Und vor allem: Was tut man, wenn man ganz genau weiß, dass dieser Mensch einen finden wird?

Mary lebt nicht einfach nur mit Angst. Sie lebt mit einer Gewissheit.

Nelson wird nicht aufgeben.

Und sie weiß auch, warum.

Ein Katz-und-Maus-Spiel, bei dem nichts sicher ist

Schon nach wenigen Seiten war klar, dass „Du kriegst mich nicht“ kein typischer Chris-Carter-Thriller wird. Trotzdem habe ich sofort dieses vertraute Gefühl gespürt, das seine Bücher bei mir auslösen.

Diese Spannung.

Dieses ungute Ziehen im Bauch.

Und diese Gewissheit, dass hinter allem noch viel mehr steckt, als man im ersten Moment erkennt.

Die Geschichte entwickelt sich zu einem intensiven Katz-und-Maus-Spiel. Mary versucht, Nelson immer einen Schritt voraus zu sein, während gleichzeitig das Gefühl wächst, dass sie ihm vielleicht längst nicht so gut entkommen ist, wie sie glaubt.

Immer wieder stellt sich die Frage, wer eigentlich wen beobachtet.

Wer jagt hier wirklich wen?

Und kann man überhaupt jemandem vertrauen?

Genau dieses Spiel mit der Wahrnehmung hat mir unglaublich gut gefallen. Chris Carter setzt diesmal nicht hauptsächlich auf Blut und grausame Bilder, sondern auf Misstrauen, psychologischen Druck und die permanente Angst davor, dass etwas passieren könnte.

Dadurch entsteht eine ganz andere Form von Spannung als in der Hunter-und-Garcia-Reihe.

Weniger laut, aber sehr wirkungsvoll.

Nichts ist, wie es scheint

Der Satz „Nichts ist, wie es scheint“ passt zu diesem Buch wirklich perfekt.

Denn kaum dachte ich, die Geschichte verstanden zu haben, kam der erste große Plottwist.
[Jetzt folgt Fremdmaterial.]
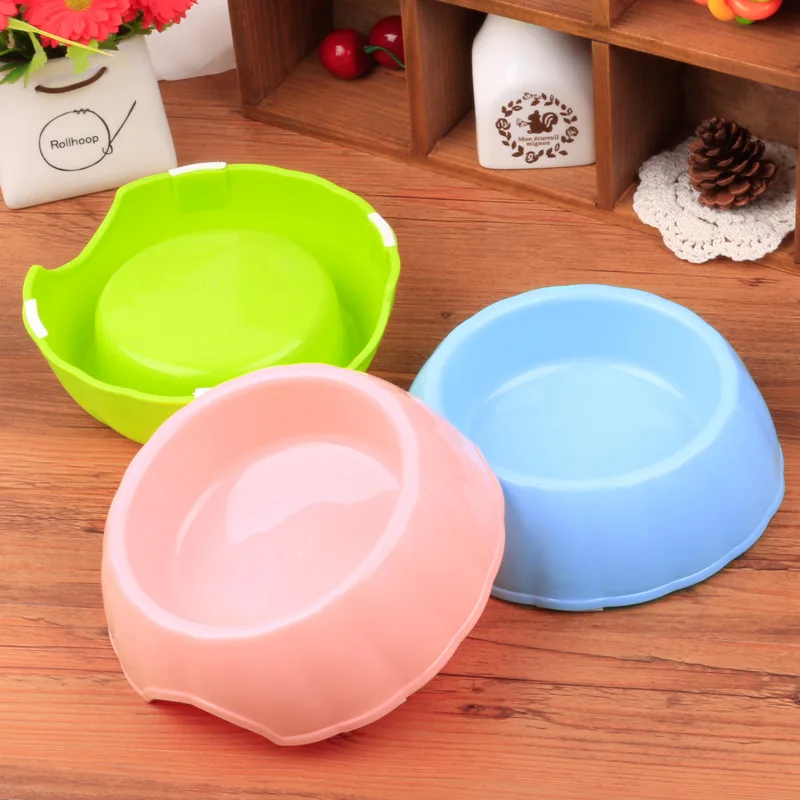 Candy Color Plastic Dog Feeding Bowl Cat Puppy Food Dish Pet Drink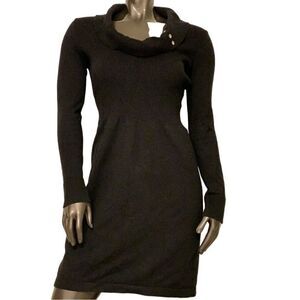 Vintage 90s WHBM Cowl Neck‎ Long Sleeve Ribbed Knit Sweater Dress XL Black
Und plötzlich sah vieles ganz anders aus.

Ich musste meine bisherigen Gedanken neu sortieren, frühere Szenen noch einmal überdenken und mich fragen, welche Hinweise ich vielleicht übersehen hatte. Genau solche Wendungen liebe ich in Thrillern. Nicht einfach ein Twist, der nur überraschen soll, sondern eine Enthüllung, die die komplette Geschichte in ein neues Licht rückt.

Doch Chris Carter belässt es nicht dabei.

Als ich mich gerade an die neue Richtung gewöhnt hatte und dachte, jetzt endlich zu wissen, worauf alles hinausläuft, kam der zweite Plottwist.

Und mit dem hatte ich wirklich überhaupt nicht gerechnet.

Für mich war genau das der stärkste Moment des Buches. Ich liebe es, wenn ein Thriller es schafft, mich auf eine falsche Fährte zu locken, ohne dass die Auflösung am Ende völlig aus dem Nichts kommt. Rückblickend ergeben viele Dinge Sinn, aber während des Lesens habe ich die Zusammenhänge nicht durchschaut.

Das passiert mir bei Thrillern leider nicht mehr so häufig, weshalb ich mich über diese Überraschung umso mehr gefreut habe.

Menschliche Abgründe ohne Blutbad

Wer bei Chris Carter automatisch auf besonders grausame Morde, detailliert beschriebene Verletzungen und verstörende Tatorte wartet, wird hier vermutlich zunächst überrascht sein.

„Du kriegst mich nicht“ ist deutlich weniger brutal als seine bekannte Reihe.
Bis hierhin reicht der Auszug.